/lant

boggle solver

Primary LanguageHTML

lant - Boggle for other languages.

Boggle is a word game designed by Allan Turoff and originally distributed by Parker Brothers. The game is played using a plastic grid of lettered dice, in which players attempt to find words in sequences of adjacent letters. -- Boggle - wikipedia

Inspiration and goals.

I like learning languages, I used to study Celtic philology where I studied Irish, Welsh and other minority languages. During that time I got to visit the few places that still have native speakers of these languages and experienced a bit of their interesting cultures. I learned that there are fewer and fewer speakers and that great efforts are being made to preserve their linguistic habitats. Also at that time I got introduced to Boggle for English and spent a lot of time playing with friends expanding and refreshing my vocabulary with each game. And there wasn't a boggle game for Irish. I created one and later on, expanded the code to be able to produce such boards for other languages and variants of the game (board sizes).

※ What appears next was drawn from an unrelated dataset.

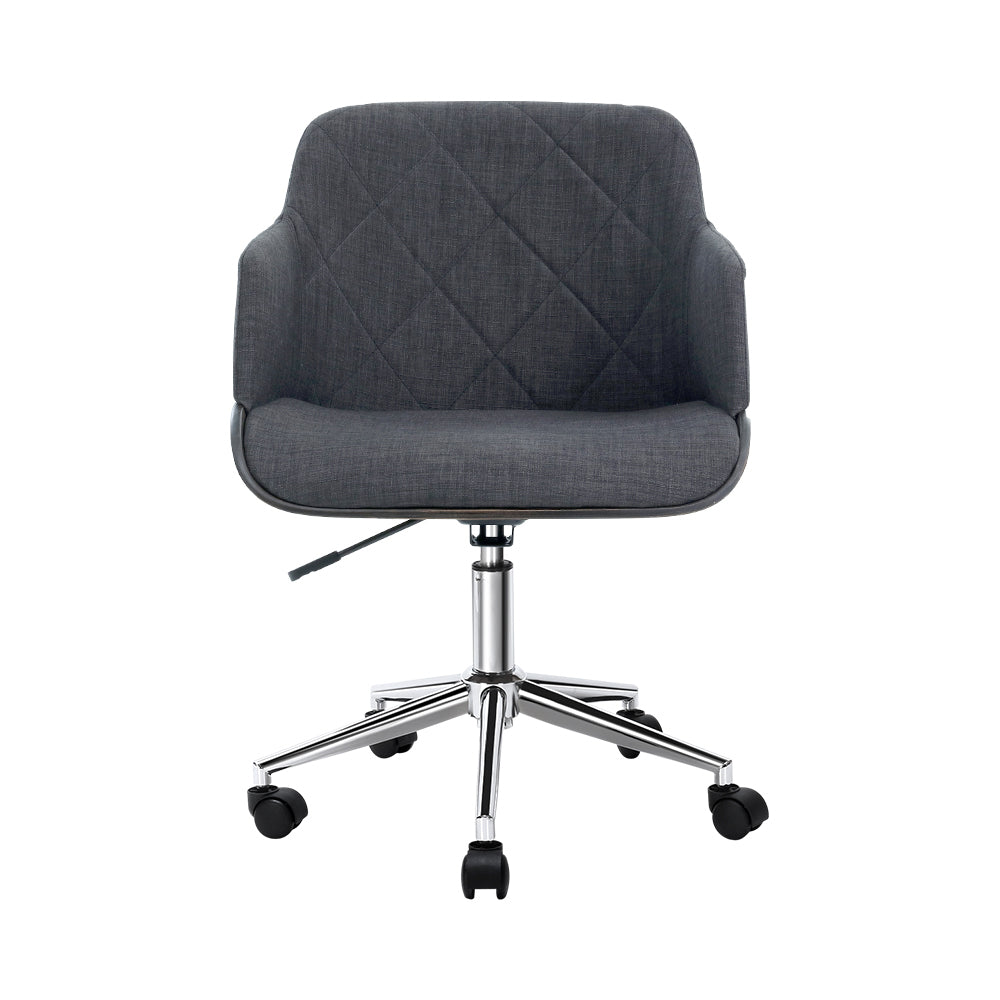 Artiss Wooden Office Chair Fabric Seat Grey - TRENDZ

I imagine playing games in a minority language is a way to help preserve it. It can be fun for both native speakers and foreign learners.

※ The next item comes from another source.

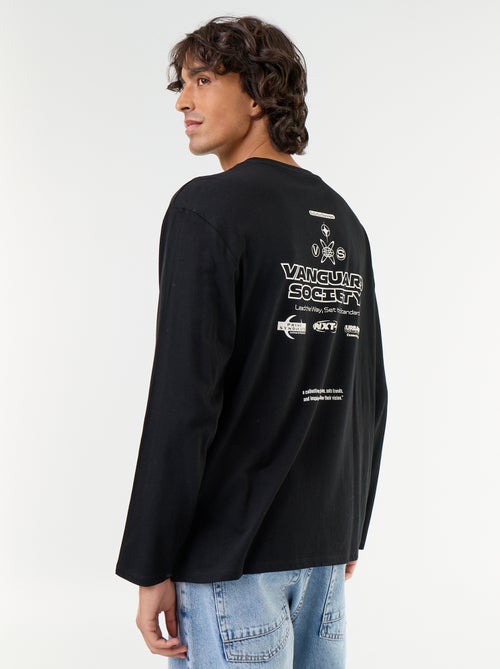 T-shirt met korte mouwen en dubbelzijdige print - Kiabi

I set a goal for myself which is impossible in purpose. I want to create a boggle version for every language there is, provided it is possible (some scripts lend themselves to this game better than others, like Japanese kanji or morse code aren't that great). And there are thousands of languages. I expect to find interesting algorithmic challenges on the way.

The result

boggle.brak.me - The results of the algorithm can be seen on my website as an off-line game

Pre-requisites.

The biggest problem in creating a boggle for a new language is obtaining a quality frequency-sorted wordlist for the language. So you won't really be able to enjoy this application unless you have some experience in finding such resources. Some linguistic knowledge will also be required to deal with languages that use non-latin scripts and in general to assess whether the game you created is playable.

Code standards

  • python3
  • 100 chars per line
  • Keep it as simple as possible but not simpler
  • Performance is important

Definitions and variable name shortcuts used in the project:

  • iso - whenever used, refers to 3 letter language identifier ISO_639-3
  • iso2 - 2 letter equivalent, for some external systems that use it
  • word form - inflected word, orthographically distinct form of a lemma
  • lemma - canonical, dictionary form of a word, as opposed to word forms, also wikipedia
  • frequency word list - plan text file with word forms of a given language, sorted by frequency of use in the standard text, in descending order , the format is word1\nword2\n...
  • standard text - there is no such thing as a standard text of a language, yet we need one for frequency analysis, in such absence we will use subjective judgement and be happy with it
  • board_string - the ultimate goal of the experiment for a given language, represents dice walls, split into chunks of 6 gives you the dice, it is used to display the game

Some definitions are used loosely, while I had some training in linguistics, a better linguist will be quick to spot opportunities for philosophical debate, because what is a letter really? I'm not into this kind of debates. All useful comments are welcome though.

Log levels

The project uses python logging to deliver two levels of information to log.txt:

  • DEBUG - all steps of the process are recorded
  • INFO - only the results meaningful to the end goal of finding the right string

You ca also get the breakdown of all results using report subcommand.

Tests

To run tests:

python tests.py

This project is mainly used with human present so there aren't many needed. More will come when cleverer algorithms get introduced.

To do

  • Rewrite Solver, the main algorithm to Cython and see if performance gains are possible.
  • Find out and document why running on PyPy is at least 10x slower (and getting slower as script runs, leaks?)

Licensing

This code is MIT License where applicable (a portion was taken from Stack Overflow which is supposedly CC). The word lists and texts are different matter and to be honest I haven't figured out the licensing issues, they are mighty complex. I am doing my best not to steal any one's property but definitely will by accident. I guess the project will need to be restarted one day when I will have spent more time on these issues.